This is the guy here whos dvd was in the mag


View: http://www.youtube.com/watch?v=9Wd9YpU028c


hope it helps you might find more out if you google him

but he basically says that ladies saddles should be slightly up at the front so to push more pressure back on the seat bones


----------



## aberal (28 Jun 2011)

Saddles are designed to be set level. I've known this for years, argued it for years and in fact have said so on CC more than once. And yet a couple of weeks ago, suffering discomfort I stopped off and tweaked my saddle nose down a smidgeon. The relief was instant. I reckon it's too early to say yet whether I will keep it like that, I certainly feel that I am sliding forward slightly - but it feels so much more comfortable. Possibly, like you I had been getting fitter and cycling more and for longer distances, but I would certainly suggest experimenting with your saddle position. Either down or up, but I would suggest that you don't move it too much.


----------



## lulubel (29 Jun 2011)

Thanks for the advice, everyone. I'll experiment a bit with the saddle position - only one change at a time! I know I don't have any leeway to move it up or down - up and I'll be rocking my hips to pedal, down and my knees start to hurt - but I may try moving it back slightly first. I moved it forward when I prefered to ride much more upright, so there might be something in that.

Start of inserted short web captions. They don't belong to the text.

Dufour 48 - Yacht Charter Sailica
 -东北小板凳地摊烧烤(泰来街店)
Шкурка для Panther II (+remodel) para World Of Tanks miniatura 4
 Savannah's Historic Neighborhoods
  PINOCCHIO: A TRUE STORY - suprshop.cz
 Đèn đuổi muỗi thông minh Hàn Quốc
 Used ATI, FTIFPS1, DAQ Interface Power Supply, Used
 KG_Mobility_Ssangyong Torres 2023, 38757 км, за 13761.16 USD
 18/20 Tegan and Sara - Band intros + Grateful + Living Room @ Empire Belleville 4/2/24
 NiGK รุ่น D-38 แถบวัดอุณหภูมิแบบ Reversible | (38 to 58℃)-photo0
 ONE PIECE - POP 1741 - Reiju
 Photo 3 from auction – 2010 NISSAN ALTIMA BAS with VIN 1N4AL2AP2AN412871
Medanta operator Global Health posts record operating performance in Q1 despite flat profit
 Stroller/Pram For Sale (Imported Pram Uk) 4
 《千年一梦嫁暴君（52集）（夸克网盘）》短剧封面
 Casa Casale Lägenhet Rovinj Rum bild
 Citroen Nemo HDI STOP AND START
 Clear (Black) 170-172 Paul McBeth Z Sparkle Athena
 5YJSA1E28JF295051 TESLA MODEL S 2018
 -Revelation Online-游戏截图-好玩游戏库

I think you have a good point, zacklaws, about getting out of the saddle. I do it very rarely - only learnt how to do it late on in my cycling "career" - if I need a bit more oomph to get over a hill, and don't want to use the granny ring. I'm still not confident getting out of the saddle at anything other than slow speeds, and I tire very quickly because I don't do it often. Some practice is probably in order!


----------



## zacklaws (29 Jun 2011)

Bear in mind too, that if you move the seat back, it also in effect raises it, and if you move the saddle forward, it too has the effect of lowering it, so depending how far you move it, you may need to adjust the height corespondinley a small fraction


----------



## snailracer (29 Jun 2011)

And yet another theory:
Is your knee over pedal spindle? AKA "KOPS".
It's a bit maligned in some quarters, but one theory is that, with a saddle-forward position, the knee is slightly in front of the pedal and so ends up pulling you forward onto the nose of the saddle when you ride hard. The solution, once again, is to move the saddle towards the rear (keeping zacklaw's useful comments about adjusting the height in mind as well) so you are KOPS or even further back.


----------



## lulubel (1 Jul 2011)

I moved my saddle back about 1cm before today's ride, and it was - er - different. (I didn't adjust the height at all because the saddle rails are angled slightly so that the vertical distance from saddle top to floor actually decreased when I moved it back, and my reach to the pedals felt the same.)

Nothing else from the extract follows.